▼▼▼

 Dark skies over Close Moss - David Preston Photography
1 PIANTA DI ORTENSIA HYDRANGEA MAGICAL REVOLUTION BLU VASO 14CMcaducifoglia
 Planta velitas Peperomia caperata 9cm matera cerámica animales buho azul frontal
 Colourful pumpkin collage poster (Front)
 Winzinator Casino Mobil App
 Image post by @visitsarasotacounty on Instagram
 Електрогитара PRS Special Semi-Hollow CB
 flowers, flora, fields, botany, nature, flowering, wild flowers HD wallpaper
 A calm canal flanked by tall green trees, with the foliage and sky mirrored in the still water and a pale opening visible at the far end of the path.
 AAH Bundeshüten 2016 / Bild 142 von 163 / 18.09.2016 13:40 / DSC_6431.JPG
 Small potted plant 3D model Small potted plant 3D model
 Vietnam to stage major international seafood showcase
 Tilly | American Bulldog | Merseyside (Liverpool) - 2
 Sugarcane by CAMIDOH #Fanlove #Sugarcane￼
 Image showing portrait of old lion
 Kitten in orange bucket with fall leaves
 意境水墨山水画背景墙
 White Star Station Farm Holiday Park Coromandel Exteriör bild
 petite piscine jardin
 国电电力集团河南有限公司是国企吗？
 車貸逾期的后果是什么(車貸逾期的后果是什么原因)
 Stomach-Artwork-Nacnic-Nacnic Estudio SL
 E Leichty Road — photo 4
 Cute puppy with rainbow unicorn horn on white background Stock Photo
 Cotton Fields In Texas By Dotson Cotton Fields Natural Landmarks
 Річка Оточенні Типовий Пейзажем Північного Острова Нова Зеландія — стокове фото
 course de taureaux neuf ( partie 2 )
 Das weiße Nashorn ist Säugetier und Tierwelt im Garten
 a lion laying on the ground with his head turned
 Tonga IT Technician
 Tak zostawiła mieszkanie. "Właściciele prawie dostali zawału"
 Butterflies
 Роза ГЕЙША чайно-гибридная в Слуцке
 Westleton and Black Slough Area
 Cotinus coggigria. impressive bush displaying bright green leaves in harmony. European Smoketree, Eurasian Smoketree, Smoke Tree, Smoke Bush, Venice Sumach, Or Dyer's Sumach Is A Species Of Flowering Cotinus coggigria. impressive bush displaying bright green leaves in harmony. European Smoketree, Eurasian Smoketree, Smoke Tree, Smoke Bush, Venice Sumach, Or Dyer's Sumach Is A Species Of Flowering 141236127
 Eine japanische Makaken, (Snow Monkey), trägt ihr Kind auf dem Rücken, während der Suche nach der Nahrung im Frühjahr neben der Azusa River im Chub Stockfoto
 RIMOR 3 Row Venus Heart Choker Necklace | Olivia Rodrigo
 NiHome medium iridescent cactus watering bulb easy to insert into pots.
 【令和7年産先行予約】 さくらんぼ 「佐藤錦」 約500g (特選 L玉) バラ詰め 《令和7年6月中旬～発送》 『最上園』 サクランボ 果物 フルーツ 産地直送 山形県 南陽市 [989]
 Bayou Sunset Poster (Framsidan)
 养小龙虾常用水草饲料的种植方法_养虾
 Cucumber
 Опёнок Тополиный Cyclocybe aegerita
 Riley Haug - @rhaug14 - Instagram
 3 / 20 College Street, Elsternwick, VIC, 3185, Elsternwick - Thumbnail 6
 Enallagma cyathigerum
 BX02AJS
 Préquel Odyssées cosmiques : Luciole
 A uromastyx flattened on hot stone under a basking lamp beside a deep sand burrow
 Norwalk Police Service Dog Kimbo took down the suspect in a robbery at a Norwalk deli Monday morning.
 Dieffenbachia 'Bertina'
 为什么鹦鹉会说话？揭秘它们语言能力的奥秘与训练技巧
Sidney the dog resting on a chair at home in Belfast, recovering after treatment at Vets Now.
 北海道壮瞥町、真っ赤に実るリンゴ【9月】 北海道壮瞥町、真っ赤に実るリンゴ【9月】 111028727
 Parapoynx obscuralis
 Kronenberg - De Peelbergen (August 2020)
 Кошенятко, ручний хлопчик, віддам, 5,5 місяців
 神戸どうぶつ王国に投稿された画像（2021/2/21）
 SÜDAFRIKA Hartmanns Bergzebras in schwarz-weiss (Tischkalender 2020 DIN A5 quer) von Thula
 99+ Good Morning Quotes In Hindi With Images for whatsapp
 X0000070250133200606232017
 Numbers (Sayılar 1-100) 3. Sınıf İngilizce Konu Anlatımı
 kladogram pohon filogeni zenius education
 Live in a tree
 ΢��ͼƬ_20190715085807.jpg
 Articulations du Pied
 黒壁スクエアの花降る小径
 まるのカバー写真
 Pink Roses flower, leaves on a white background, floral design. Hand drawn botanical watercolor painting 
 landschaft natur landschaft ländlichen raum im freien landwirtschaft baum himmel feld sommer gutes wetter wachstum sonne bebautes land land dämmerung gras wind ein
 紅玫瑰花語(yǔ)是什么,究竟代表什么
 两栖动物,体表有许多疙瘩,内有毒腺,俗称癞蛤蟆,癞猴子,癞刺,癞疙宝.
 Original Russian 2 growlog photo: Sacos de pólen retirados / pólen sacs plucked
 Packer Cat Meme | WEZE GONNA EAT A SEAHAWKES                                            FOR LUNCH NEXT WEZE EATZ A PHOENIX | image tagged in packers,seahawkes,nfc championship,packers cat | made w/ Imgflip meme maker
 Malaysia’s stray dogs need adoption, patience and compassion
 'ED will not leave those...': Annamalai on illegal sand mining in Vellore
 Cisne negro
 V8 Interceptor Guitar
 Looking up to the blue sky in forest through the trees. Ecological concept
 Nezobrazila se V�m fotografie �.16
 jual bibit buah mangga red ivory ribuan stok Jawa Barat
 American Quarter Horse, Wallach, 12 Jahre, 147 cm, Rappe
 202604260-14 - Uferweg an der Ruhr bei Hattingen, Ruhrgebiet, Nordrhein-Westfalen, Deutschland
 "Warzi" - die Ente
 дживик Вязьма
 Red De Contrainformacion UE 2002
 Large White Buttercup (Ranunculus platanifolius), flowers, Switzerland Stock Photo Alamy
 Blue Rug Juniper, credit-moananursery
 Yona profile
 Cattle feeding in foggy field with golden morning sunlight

▲▲▲

**EXERCISE INSTRUCTIONS:**
Given the data above, transcribe exactly the lines from the one containing "Préquel Odyssées cosmiques : Luciole" down to the one containing "北海道壮瞥町、真っ赤に実るリンゴ【9月】 北海道壮瞥町、真っ赤に実るリンゴ【9月】 111028727", and no others.

**REPLY:**
 Préquel Odyssées cosmiques : Luciole
 A uromastyx flattened on hot stone under a basking lamp beside a deep sand burrow
 Norwalk Police Service Dog Kimbo took down the suspect in a robbery at a Norwalk deli Monday morning.
 Dieffenbachia 'Bertina'
 为什么鹦鹉会说话？揭秘它们语言能力的奥秘与训练技巧
Sidney the dog resting on a chair at home in Belfast, recovering after treatment at Vets Now.
 北海道壮瞥町、真っ赤に実るリンゴ【9月】 北海道壮瞥町、真っ赤に実るリンゴ【9月】 111028727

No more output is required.